Here is the task for the records below: repeat exactly the lines from the one with "Bird of pray" to the one with "Update Alert - Close Up Photography of Owl", both included, and nothing else.

======== Supplied material

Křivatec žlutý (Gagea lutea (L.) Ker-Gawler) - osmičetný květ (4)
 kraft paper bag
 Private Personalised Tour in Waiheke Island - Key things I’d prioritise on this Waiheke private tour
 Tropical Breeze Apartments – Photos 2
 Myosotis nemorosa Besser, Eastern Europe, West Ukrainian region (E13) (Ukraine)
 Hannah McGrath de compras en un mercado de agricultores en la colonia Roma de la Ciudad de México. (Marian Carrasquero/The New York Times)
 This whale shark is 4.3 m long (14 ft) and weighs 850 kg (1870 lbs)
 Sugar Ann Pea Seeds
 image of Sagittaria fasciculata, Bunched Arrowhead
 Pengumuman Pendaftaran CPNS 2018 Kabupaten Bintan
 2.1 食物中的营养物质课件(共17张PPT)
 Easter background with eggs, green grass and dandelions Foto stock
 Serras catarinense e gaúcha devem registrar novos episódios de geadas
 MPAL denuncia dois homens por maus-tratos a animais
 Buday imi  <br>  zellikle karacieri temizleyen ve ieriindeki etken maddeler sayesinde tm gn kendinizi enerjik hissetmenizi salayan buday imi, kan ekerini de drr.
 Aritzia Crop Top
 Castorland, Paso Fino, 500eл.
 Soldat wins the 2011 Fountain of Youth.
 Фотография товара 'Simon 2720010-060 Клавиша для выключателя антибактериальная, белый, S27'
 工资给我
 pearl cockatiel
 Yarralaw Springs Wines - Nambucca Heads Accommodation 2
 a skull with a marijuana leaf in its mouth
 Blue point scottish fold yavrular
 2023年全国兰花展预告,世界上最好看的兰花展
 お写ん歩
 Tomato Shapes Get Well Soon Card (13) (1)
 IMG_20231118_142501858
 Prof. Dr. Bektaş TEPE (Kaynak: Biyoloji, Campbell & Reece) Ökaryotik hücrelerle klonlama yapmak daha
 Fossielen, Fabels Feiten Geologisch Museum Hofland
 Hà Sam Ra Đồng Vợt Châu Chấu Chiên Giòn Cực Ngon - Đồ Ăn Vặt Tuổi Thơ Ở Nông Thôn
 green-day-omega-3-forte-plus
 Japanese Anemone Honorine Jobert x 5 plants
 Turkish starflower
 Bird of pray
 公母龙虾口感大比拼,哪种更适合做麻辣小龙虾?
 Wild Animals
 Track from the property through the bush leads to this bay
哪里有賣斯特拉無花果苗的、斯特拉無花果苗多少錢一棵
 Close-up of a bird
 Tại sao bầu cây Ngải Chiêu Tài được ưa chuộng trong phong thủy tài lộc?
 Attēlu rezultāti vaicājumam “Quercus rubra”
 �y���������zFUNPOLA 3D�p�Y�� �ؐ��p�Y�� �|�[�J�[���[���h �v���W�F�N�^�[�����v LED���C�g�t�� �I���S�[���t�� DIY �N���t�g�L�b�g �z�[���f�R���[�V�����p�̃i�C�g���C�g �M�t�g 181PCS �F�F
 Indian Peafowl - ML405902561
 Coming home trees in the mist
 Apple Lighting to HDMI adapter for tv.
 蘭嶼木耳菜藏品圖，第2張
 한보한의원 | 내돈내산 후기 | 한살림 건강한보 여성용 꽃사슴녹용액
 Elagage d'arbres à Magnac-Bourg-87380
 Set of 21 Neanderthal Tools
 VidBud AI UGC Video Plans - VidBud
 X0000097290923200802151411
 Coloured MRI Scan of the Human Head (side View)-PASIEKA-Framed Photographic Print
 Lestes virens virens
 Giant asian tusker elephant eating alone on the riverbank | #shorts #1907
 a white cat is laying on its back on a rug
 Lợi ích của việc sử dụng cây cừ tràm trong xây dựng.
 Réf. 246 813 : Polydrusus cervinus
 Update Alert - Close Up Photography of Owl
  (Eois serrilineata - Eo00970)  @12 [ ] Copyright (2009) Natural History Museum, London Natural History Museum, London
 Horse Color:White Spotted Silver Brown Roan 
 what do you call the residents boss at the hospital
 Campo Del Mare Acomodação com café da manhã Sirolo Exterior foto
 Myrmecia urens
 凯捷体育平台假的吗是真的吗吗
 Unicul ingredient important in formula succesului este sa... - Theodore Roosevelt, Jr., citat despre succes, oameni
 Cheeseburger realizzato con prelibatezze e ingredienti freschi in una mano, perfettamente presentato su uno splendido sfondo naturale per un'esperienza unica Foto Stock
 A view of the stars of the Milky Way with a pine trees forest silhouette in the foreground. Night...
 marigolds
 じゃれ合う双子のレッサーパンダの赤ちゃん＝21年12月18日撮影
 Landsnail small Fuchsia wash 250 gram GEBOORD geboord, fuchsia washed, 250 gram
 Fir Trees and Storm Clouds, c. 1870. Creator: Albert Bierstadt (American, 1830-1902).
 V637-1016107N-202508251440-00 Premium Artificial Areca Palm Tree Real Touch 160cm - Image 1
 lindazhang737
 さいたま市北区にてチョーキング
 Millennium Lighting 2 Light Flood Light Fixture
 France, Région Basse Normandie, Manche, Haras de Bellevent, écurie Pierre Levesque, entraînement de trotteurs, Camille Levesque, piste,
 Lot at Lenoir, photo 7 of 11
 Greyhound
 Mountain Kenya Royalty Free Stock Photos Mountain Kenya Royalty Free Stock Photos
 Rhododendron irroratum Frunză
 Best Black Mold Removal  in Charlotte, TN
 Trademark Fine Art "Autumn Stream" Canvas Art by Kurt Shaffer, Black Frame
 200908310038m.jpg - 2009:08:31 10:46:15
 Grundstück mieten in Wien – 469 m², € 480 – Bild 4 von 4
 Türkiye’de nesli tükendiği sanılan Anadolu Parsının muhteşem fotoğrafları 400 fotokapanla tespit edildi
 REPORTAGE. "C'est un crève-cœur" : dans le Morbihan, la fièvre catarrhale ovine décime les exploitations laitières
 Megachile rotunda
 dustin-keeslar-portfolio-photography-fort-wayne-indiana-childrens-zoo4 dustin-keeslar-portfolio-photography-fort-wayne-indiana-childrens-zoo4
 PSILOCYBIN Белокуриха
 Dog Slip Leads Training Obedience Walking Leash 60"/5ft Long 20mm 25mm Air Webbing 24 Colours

================

Answer area =
 Bird of pray
 公母龙虾口感大比拼,哪种更适合做麻辣小龙虾?
 Wild Animals
 Track from the property through the bush leads to this bay
哪里有賣斯特拉無花果苗的、斯特拉無花果苗多少錢一棵
 Close-up of a bird
 Tại sao bầu cây Ngải Chiêu Tài được ưa chuộng trong phong thủy tài lộc?
 Attēlu rezultāti vaicājumam “Quercus rubra”
 �y���������zFUNPOLA 3D�p�Y�� �ؐ��p�Y�� �|�[�J�[���[���h �v���W�F�N�^�[�����v LED���C�g�t�� �I���S�[���t�� DIY �N���t�g�L�b�g �z�[���f�R���[�V�����p�̃i�C�g���C�g �M�t�g 181PCS �F�F
 Indian Peafowl - ML405902561
 Coming home trees in the mist
 Apple Lighting to HDMI adapter for tv.
 蘭嶼木耳菜藏品圖，第2張
 한보한의원 | 내돈내산 후기 | 한살림 건강한보 여성용 꽃사슴녹용액
 Elagage d'arbres à Magnac-Bourg-87380
 Set of 21 Neanderthal Tools
 VidBud AI UGC Video Plans - VidBud
 X0000097290923200802151411
 Coloured MRI Scan of the Human Head (side View)-PASIEKA-Framed Photographic Print
 Lestes virens virens
 Giant asian tusker elephant eating alone on the riverbank | #shorts #1907
 a white cat is laying on its back on a rug
 Lợi ích của việc sử dụng cây cừ tràm trong xây dựng.
 Réf. 246 813 : Polydrusus cervinus
 Update Alert - Close Up Photography of Owl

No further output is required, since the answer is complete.